*** RECORDS FOR THE TASK ***

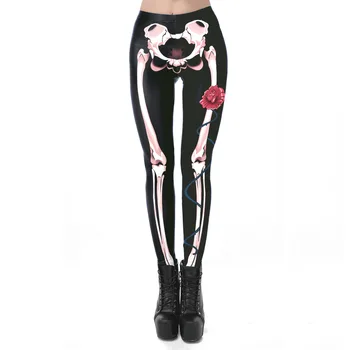 [Você é o Meu Segredo] Festa de Halloween Esqueleto Borboleta Rosa Preto Leggings para Mulheres de Alta Qualidade de Tornozelo Elástico de Calças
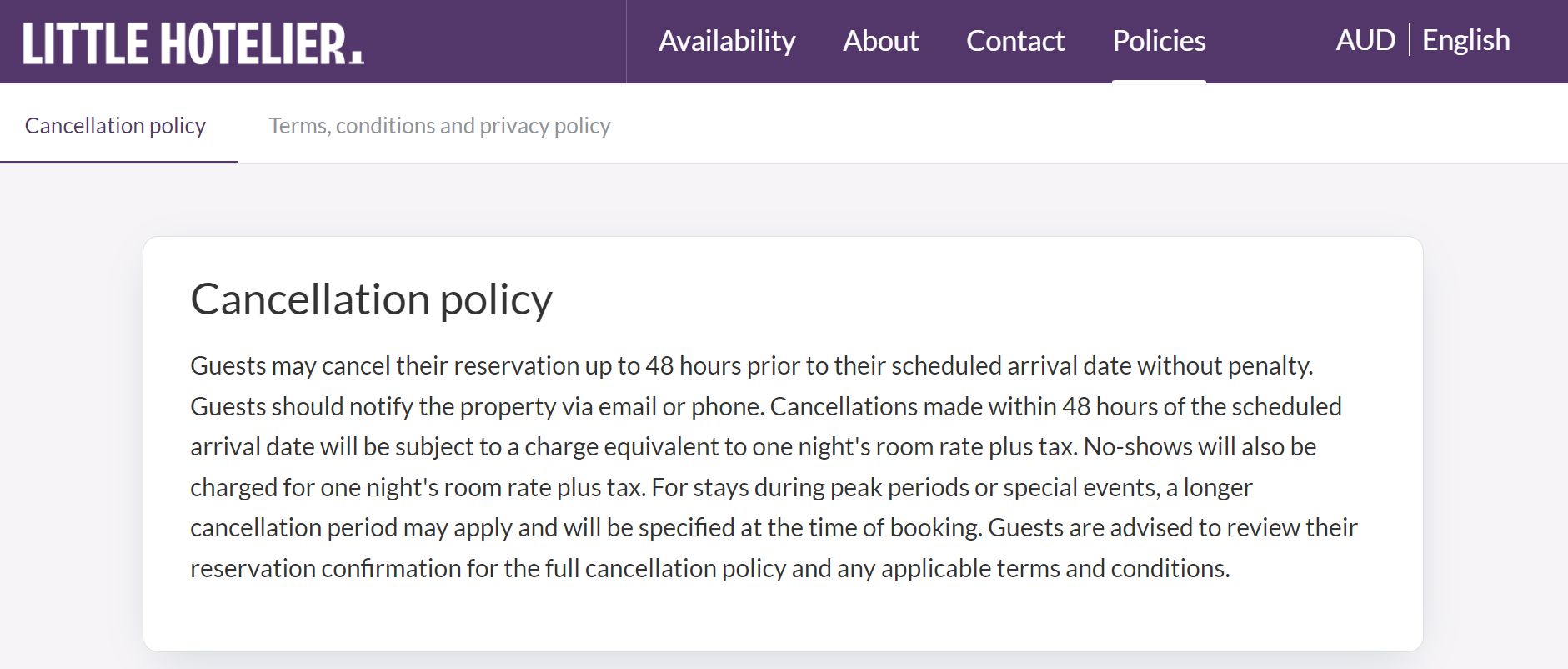 What is hotel cancellation policy?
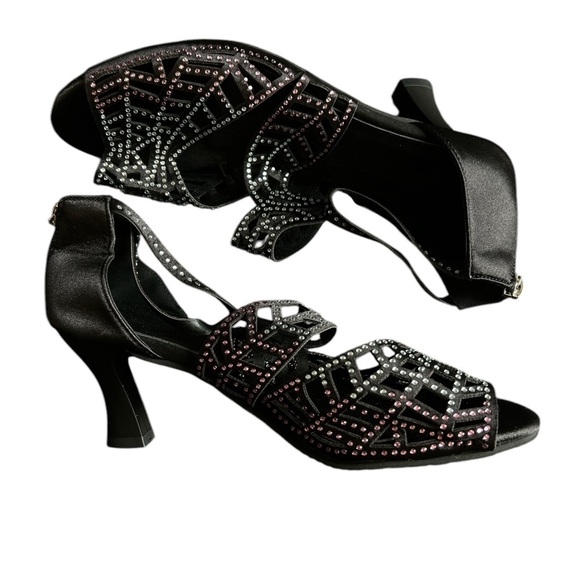 SOLD Elegant Black Rhinestone Sandals - Picture 2 of 7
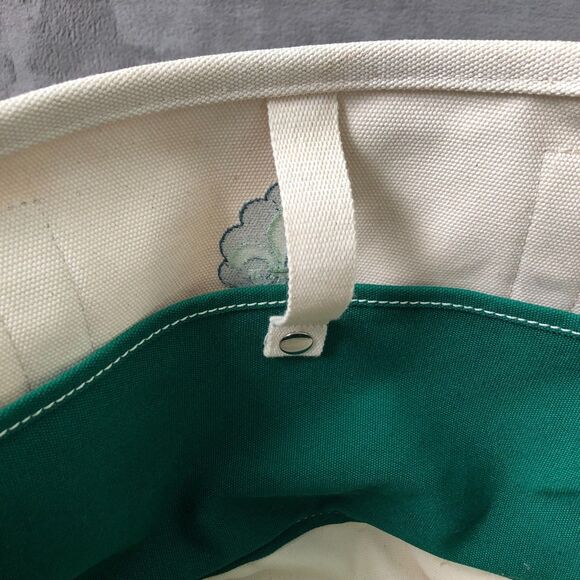 Lands End Canvas Tote Bag Green Cream Embroidered Louisville Parks Foundation - Picture 9 of 9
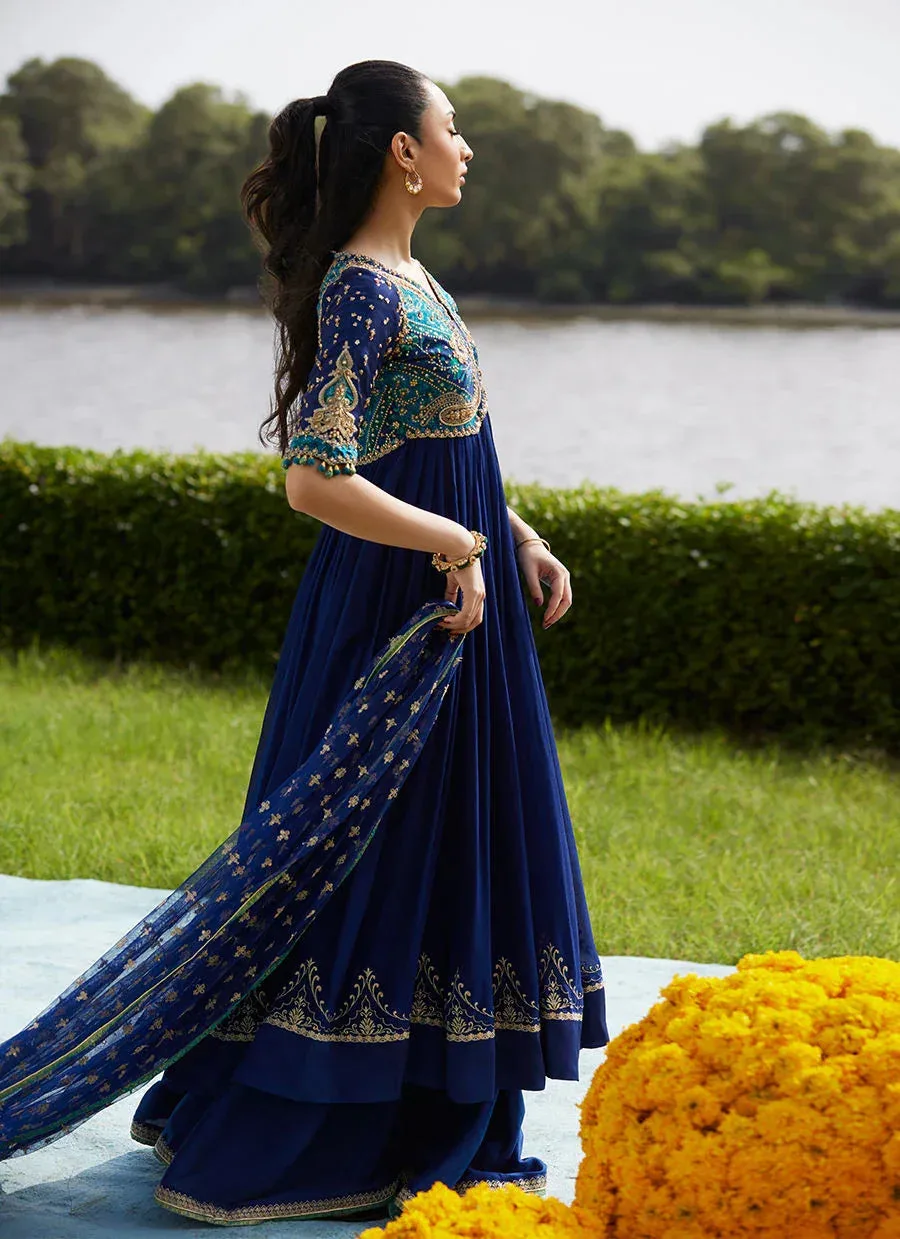 Farah Talib Aziz Mayna Festive Luxe Pret Navy Blue Raw Silk – view 5 – Poshaq
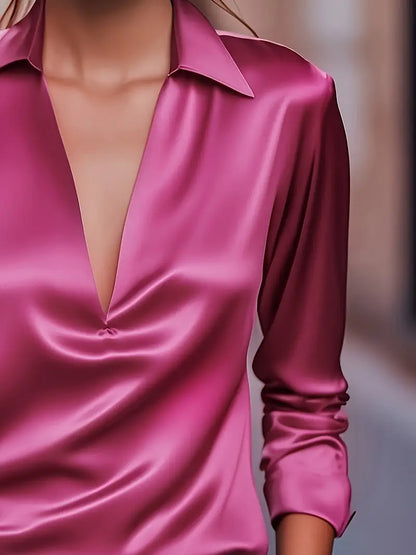 Kathy | Women's Premium V-Neck Satin Blouse – V-Neck, Satin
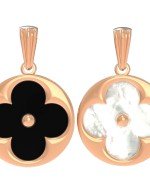 Подвеска из золота c ониксом и перламутром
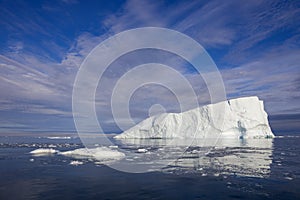 Shooting of ices at a short distance. An iceberg surface with thawing traces.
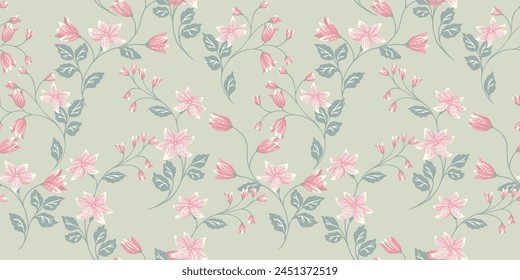 Pastel mint seamless pattern with branches tiny flowers bells, small leaves. Vector hand drawn illustration. Artistic, abstract wild floral stems printing. Template for design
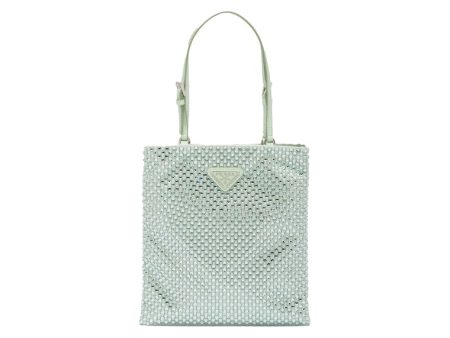 Prada Embellished Satin Handbag Aqua For Discount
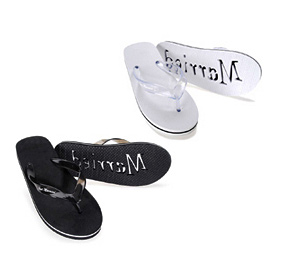 Just Married Beach Flip Flop Sandals*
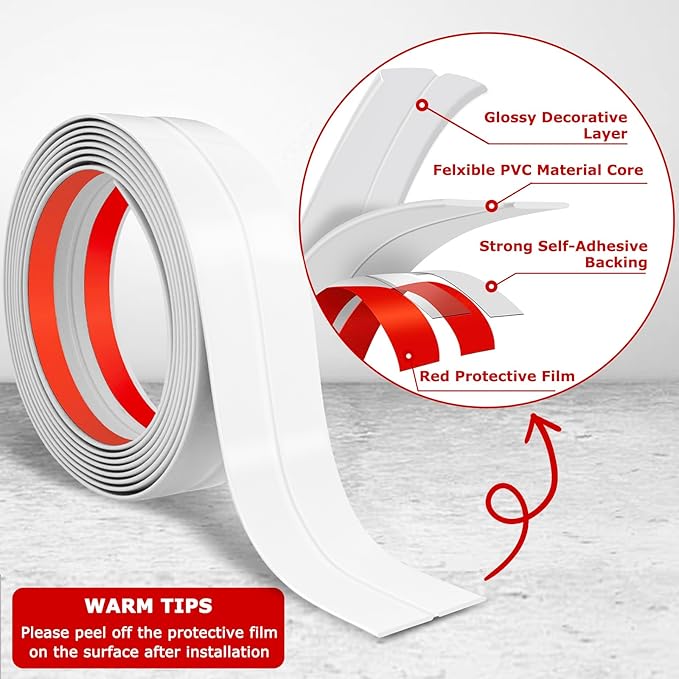 Flexible Wall Corner Protector Moulding Trim Peel and Stick Wall Corner Guards Edge Protector Self Adhesive Molding Trim Strip for Edge Ceiling (White, 2.4 in x 40 Ft)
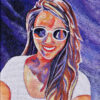 Peinture figurative, Emma, violet et marron, portrait, acrylique sur toile, par Meryl Artiste peintre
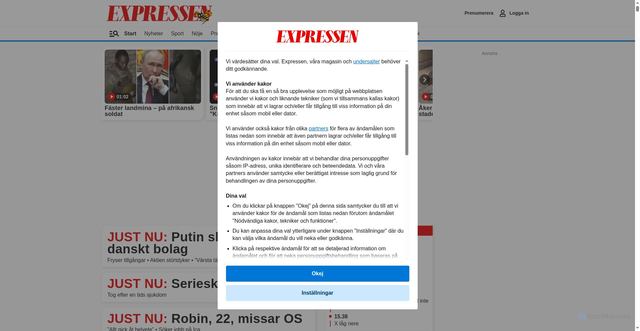 Security scan screenshot of https://Expressen.se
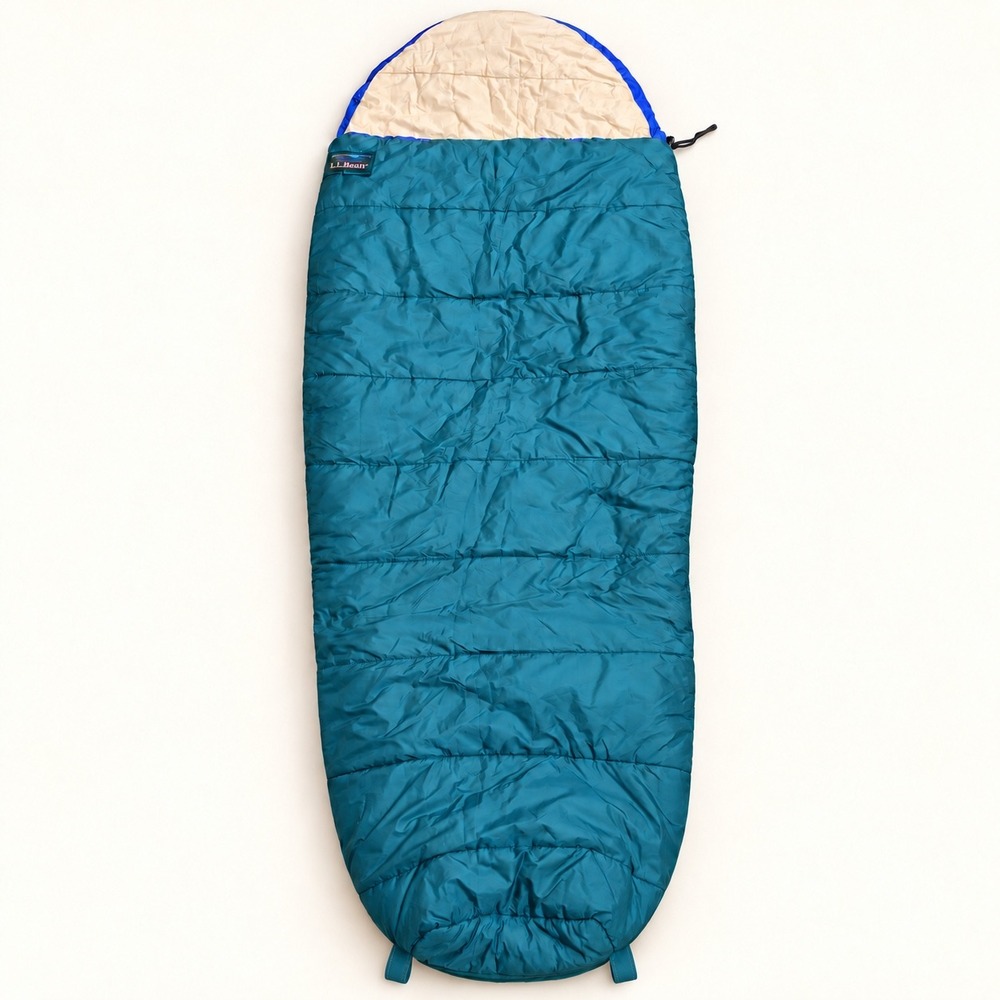 LL Bean Vintage Mummy Sleeping Bag Teal, Tan, Blue Down Filled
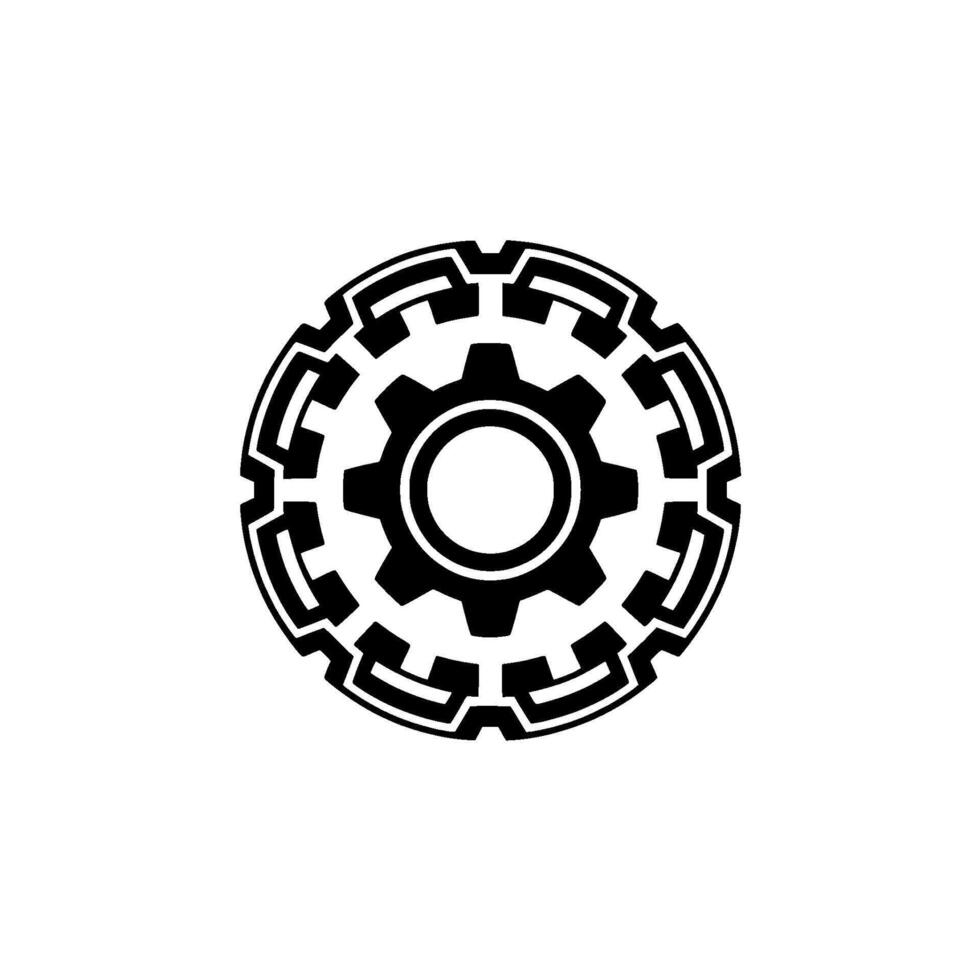 Black Gearwheel Mechanism on White Background vector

*** End of RECORDS FOR THE TASK ***

◆ YOUR INSTRUCTIONS ◆
Output each line of the listing above, word for word, from the one holding "Shooting of ices" through the last line, both included; omit the pictures.

◆ EXPECTED OUTPUT ◆
 Shooting of ices at a short distance. An iceberg surface with thawing traces.
 Pastel mint seamless pattern with branches tiny flowers bells, small leaves. Vector hand drawn illustration. Artistic, abstract wild floral stems printing. Template for design
 Prada Embellished Satin Handbag Aqua For Discount
 Just Married Beach Flip Flop Sandals*
 Flexible Wall Corner Protector Moulding Trim Peel and Stick Wall Corner Guards Edge Protector Self Adhesive Molding Trim Strip for Edge Ceiling (White, 2.4 in x 40 Ft)
 Peinture figurative, Emma, violet et marron, portrait, acrylique sur toile, par Meryl Artiste peintre
 Security scan screenshot of https://Expressen.se
 LL Bean Vintage Mummy Sleeping Bag Teal, Tan, Blue Down Filled
 Black Gearwheel Mechanism on White Background vector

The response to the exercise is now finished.